つまりは、リーチルの島を襲ったクラーケンを俺たちが倒したということを、こいつらは知っている。
あんな閉鎖された島での出来事を知っているのは、俺たちとデミアンくらいだ。それを知り得る人間なんてこの世に一握りしかいない。
「……お前、ゾルダンに、仲間を皆殺しにされたって」
「それは本当さ。聞いていないか? 吸血皇帝が蘇った経緯を」
デイビッドに言われるまでもなく、その可能性には思い至っていた。
……ああ、全くもって嫌になる。
ジェーニャの正体に気づけなかっただけではなく、まさかこんなところに俺の宿敵が潜んでいたなんて。

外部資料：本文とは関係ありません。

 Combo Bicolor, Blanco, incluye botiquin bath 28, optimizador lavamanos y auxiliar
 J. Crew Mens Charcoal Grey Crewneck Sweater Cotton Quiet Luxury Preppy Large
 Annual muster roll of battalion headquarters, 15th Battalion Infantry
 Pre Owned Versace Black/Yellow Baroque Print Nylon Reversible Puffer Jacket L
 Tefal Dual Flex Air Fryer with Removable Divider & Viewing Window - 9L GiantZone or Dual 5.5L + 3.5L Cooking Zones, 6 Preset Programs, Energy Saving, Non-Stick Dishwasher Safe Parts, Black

この吸血鬼事件の最初から、今の今まで、それに気づかずに過ごしてきたなんて。
「……ベインカーテンの被験者が、ゾルダンの血を飲み、それが発現するよりも先に殺された」
「そういうことだよ、ロバート・クロスフィールド。いいや、クラーケン殺しと呼ぼうか――?」
死竜殺し、吸血鬼殺し、そしてクラーケン殺し、か。
スカーレット王国ではその異名が流行っているらしいな。
だが、俺をクラーケン殺しだと知っているのは、ベインカーテンだけだ。異名にはなり得ない。
「ふざけてるんじゃねえぞ、デイビッド……ッ!!」
「――そうだ、お前の力を見せてみろ。ロバート!!」
風の弾丸を放つ。だが、その全てが切り取られたかのように消えていく。
これがあの黒い妖精の力だと分かる。闇系統の宝石魔法だと。しかし、具体的に何を引き起こしているのかが理解できない。

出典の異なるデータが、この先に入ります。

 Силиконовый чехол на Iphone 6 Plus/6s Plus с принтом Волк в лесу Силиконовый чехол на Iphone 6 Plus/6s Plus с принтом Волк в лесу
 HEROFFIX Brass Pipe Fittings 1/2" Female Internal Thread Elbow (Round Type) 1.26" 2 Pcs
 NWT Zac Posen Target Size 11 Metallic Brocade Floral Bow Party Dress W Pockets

――宝石魔法の中身を推測するために思考を巡らせている間にも、デイビッドはあのナイフを放ってきていた。俺の背後を狙うように。
「こいつの威力はお前も知っているよな――?」
「ッ……笑ってんじゃねえぞ、クソ野郎が」
風と水の魔力防壁を展開する。攻撃を考える必要はない。
なぜなら、この戦い、俺1人で戦っている訳じゃないんだから。
「頼む、クラリーチェ――」
『……分かりました』
遠距離からの狙撃を前に、デイビッドがその姿を消す。
そして、俺のすぐ隣に現れる。その大きな魔法の発動で理解した。
こいつは、闇の空間を作り出し、その中を移動したんだ。こちらの攻撃を打ち消したのもその力であり、あのナイフも恐らくはその応用。

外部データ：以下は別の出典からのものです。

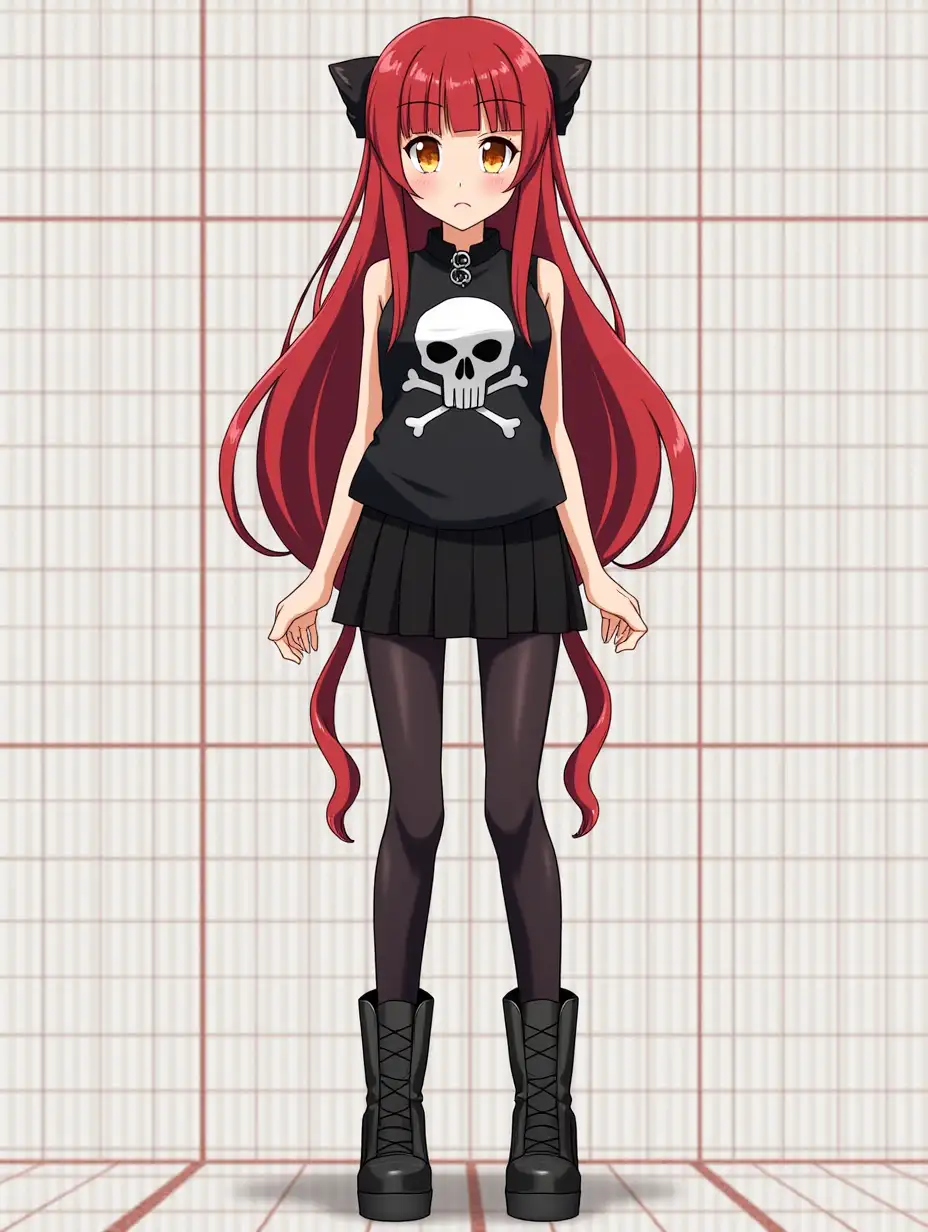 Anime girl, full height, black top without sleeves with skull print, black short skirt, tights in grid, heavy boots on legs, long red hair, black outline, two tails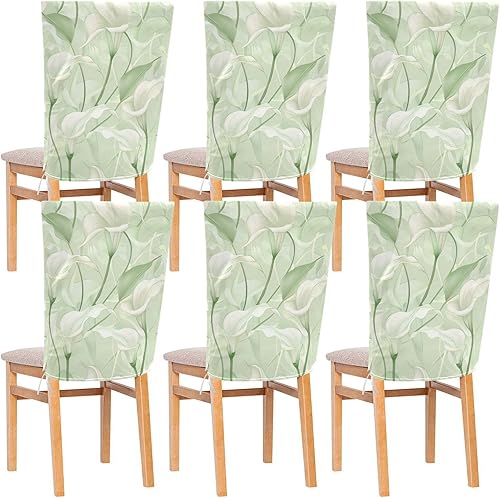 Calla Lily Flower Pastel Colors Mint Green Decorative Dining Chair Slipcovers for Festivals (Easter, Graduation, etc.) Washable Anti-Slip Chair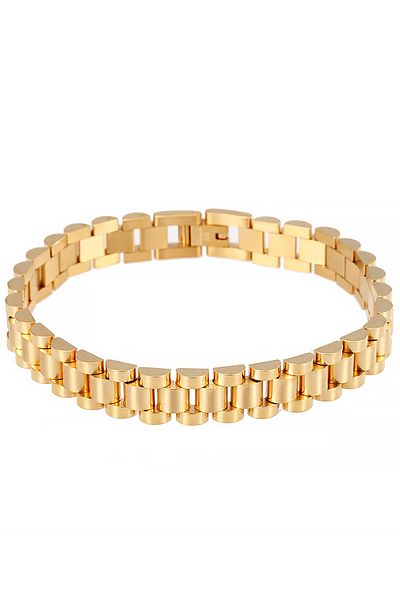 Chavin Men's Bracelet - Gold 316 L, 10 Mm, Shiny and Matte Steel Ed02Sr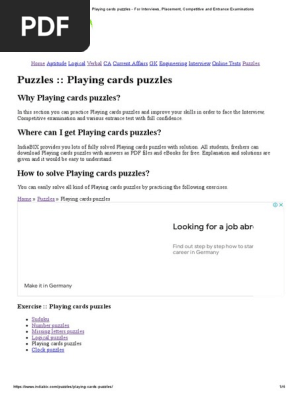 Playing cards puzzles - For Interviews, Placement, Competitive and Entrance Examinations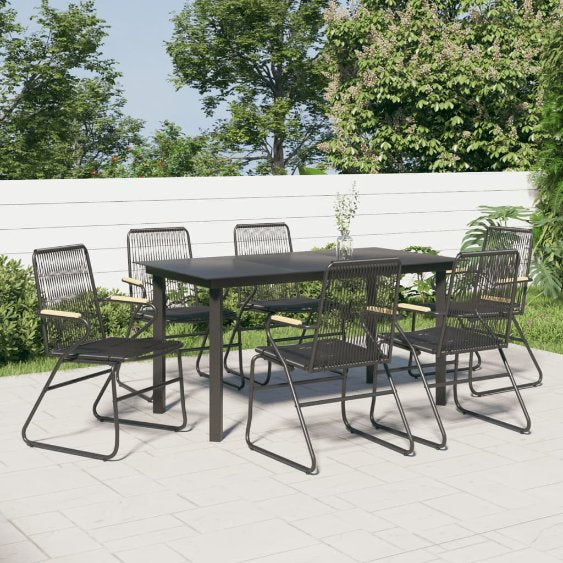 vidaXL 5-tlg. Garten-Essgruppe Schwarz PVC Rattan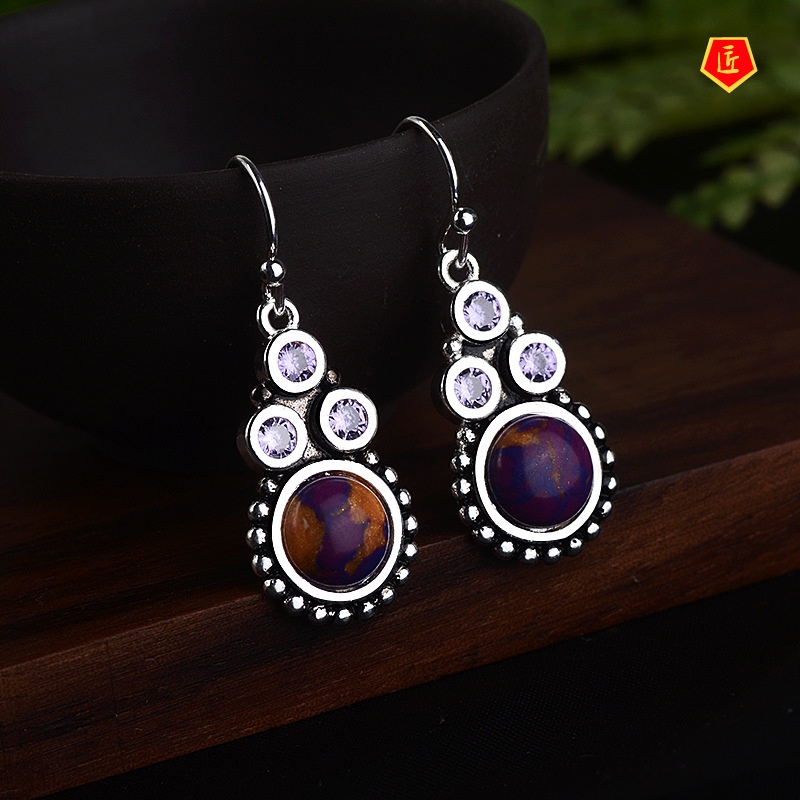 [Ready Stock]Vintage S925 Silver Charoite Earrings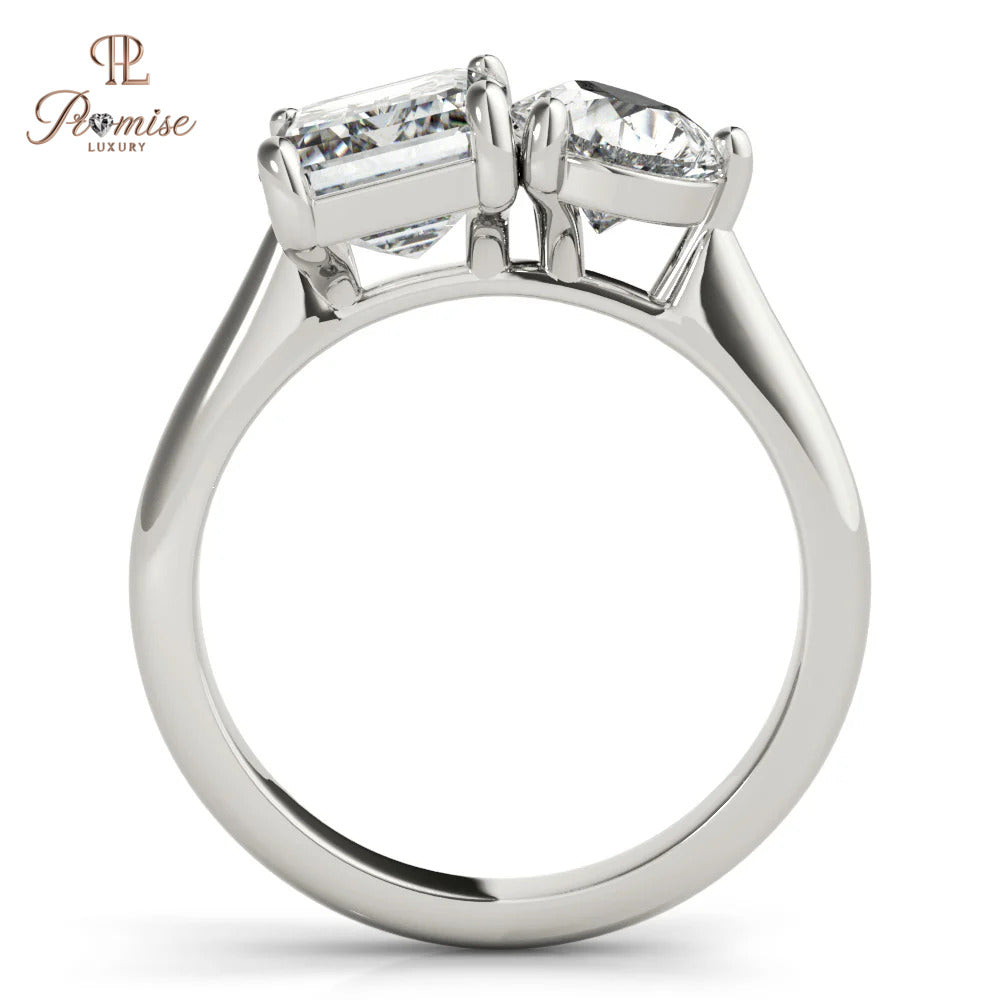 Toi et Moi Diamond Engagement Ring - Two Stone Romantic Wedding Ring For Her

闇の中に隔離したものがどうなるのかについては分からないが、底の知れない魔法だ。
(――この闇に俺自身が取り込まれたら終わりか、この攻撃は)
そこまで考えが至ったところで、同時に理解する。
「お前、手を抜いているな? デイビッド……ッ!!」
「言うなよ、ロバート。まだお前を殺すわけにはいかないんだ。そんなことはいつでもできた。でも、それじゃ意味がない」
こちらの魔力防壁に容易く穴を開け、その中からナイフを放ってくるデイビッド。
何本かのナイフを撃ち落とすが、1本は俺の身体に届く。咄嗟に防いだ腕に突き刺さった。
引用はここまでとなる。